■ **YOUR GOAL**
Copy every line from the one containing "After 11 months, Nirmala" through the last line of the records below, both included, and nothing else.

Data excerpts
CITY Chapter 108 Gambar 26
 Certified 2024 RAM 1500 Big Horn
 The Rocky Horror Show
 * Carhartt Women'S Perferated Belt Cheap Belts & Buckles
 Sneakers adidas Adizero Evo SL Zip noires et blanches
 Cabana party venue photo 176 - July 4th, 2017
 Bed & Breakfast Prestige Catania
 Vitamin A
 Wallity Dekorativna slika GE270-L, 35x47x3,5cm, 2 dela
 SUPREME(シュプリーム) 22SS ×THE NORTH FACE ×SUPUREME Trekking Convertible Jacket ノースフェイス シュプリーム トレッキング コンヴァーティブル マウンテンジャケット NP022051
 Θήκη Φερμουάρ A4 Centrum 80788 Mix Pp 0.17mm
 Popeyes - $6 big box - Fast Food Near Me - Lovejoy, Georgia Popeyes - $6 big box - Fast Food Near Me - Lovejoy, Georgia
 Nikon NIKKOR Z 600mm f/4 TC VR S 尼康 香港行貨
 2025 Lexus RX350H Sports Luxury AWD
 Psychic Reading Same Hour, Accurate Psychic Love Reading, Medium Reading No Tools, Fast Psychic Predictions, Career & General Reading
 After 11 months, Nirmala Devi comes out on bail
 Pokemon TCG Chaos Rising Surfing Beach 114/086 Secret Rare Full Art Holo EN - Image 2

■ **EXERCISE RESULT**
 After 11 months, Nirmala Devi comes out on bail
 Pokemon TCG Chaos Rising Surfing Beach 114/086 Secret Rare Full Art Holo EN - Image 2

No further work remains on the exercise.